• [What the exercise asks]:
Report back every line of the entries that contains "Picture", exactly as written.

[Entries taken from a collection]
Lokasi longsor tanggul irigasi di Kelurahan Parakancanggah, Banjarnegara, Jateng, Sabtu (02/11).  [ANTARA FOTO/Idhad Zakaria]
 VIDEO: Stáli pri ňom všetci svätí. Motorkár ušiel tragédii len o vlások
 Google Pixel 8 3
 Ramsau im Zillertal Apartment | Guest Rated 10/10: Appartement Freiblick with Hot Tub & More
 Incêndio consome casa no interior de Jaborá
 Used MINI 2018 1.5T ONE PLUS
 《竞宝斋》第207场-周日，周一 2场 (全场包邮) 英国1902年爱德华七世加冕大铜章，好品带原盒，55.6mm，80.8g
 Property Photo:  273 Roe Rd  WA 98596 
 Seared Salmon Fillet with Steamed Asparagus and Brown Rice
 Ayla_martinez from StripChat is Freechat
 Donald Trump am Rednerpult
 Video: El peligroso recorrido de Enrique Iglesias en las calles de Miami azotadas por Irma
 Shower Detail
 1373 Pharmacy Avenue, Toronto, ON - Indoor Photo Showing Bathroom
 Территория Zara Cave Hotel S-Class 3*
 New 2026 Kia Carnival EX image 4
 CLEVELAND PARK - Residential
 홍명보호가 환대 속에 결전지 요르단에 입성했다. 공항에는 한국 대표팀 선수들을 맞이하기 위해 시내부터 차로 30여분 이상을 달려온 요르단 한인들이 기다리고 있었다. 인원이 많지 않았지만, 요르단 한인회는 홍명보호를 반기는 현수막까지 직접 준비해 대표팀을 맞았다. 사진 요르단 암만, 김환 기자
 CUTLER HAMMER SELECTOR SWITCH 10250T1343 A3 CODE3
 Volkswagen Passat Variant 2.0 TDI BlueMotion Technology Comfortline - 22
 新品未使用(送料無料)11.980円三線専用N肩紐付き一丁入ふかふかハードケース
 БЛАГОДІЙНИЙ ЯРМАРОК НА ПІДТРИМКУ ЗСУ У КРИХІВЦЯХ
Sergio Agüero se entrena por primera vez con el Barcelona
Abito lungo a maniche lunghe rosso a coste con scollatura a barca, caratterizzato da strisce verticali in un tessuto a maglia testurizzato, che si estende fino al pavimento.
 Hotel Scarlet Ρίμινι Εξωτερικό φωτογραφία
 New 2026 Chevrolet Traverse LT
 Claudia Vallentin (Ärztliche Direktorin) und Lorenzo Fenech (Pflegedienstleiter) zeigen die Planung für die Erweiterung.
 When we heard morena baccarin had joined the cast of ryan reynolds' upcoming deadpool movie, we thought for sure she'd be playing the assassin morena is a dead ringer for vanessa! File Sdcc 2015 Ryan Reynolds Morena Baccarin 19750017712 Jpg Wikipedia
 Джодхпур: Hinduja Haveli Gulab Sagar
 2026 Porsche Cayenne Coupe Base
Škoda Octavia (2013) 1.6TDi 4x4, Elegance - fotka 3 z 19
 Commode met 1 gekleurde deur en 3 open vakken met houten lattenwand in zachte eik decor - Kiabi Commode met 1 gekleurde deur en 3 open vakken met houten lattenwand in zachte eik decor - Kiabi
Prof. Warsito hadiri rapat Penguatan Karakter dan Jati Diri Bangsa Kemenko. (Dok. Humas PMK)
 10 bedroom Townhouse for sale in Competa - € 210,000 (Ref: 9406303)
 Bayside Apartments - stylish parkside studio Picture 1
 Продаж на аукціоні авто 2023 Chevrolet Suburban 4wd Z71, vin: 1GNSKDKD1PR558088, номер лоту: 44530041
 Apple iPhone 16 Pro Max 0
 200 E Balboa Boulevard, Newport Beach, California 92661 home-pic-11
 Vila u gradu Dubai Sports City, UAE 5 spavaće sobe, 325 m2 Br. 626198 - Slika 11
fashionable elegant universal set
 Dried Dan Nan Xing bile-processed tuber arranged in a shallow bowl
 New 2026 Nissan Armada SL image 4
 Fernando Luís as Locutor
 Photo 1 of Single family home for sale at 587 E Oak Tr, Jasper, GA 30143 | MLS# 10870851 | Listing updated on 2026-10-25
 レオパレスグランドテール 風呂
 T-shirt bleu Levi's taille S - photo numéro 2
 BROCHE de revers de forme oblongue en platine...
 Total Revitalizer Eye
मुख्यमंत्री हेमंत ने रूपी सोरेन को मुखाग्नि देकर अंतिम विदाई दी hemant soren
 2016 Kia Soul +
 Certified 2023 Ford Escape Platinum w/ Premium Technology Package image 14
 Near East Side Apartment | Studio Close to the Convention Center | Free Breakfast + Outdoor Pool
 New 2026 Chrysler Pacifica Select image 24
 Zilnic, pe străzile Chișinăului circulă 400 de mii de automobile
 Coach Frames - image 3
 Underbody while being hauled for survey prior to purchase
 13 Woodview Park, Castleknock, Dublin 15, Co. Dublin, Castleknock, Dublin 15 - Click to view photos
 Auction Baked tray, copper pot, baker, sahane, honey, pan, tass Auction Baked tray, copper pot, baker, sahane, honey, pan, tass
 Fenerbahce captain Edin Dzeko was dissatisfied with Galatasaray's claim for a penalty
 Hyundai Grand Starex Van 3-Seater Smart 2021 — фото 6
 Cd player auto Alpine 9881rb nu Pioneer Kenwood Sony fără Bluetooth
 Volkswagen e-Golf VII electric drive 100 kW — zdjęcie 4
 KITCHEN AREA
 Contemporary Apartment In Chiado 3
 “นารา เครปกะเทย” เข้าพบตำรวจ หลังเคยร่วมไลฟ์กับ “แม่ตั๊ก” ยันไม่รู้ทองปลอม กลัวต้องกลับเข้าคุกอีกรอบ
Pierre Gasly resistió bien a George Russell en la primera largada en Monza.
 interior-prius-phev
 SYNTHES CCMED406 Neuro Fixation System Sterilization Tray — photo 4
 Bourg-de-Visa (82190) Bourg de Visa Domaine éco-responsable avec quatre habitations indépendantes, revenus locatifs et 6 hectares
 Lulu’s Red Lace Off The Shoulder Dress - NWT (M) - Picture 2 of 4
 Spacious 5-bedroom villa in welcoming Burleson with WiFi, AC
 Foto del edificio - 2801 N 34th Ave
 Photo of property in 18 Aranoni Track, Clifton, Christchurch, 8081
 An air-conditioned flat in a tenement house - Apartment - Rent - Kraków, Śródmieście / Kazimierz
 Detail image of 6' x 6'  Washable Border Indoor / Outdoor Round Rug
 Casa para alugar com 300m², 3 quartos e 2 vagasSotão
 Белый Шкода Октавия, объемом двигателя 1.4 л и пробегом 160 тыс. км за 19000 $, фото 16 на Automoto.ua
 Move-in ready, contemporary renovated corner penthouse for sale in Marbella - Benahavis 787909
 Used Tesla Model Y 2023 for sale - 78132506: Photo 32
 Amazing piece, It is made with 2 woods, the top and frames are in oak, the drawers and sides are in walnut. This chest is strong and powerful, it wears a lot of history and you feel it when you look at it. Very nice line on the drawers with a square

• [Result of the task]:
 Bayside Apartments - stylish parkside studio Picture 1
 Lulu’s Red Lace Off The Shoulder Dress - NWT (M) - Picture 2 of 4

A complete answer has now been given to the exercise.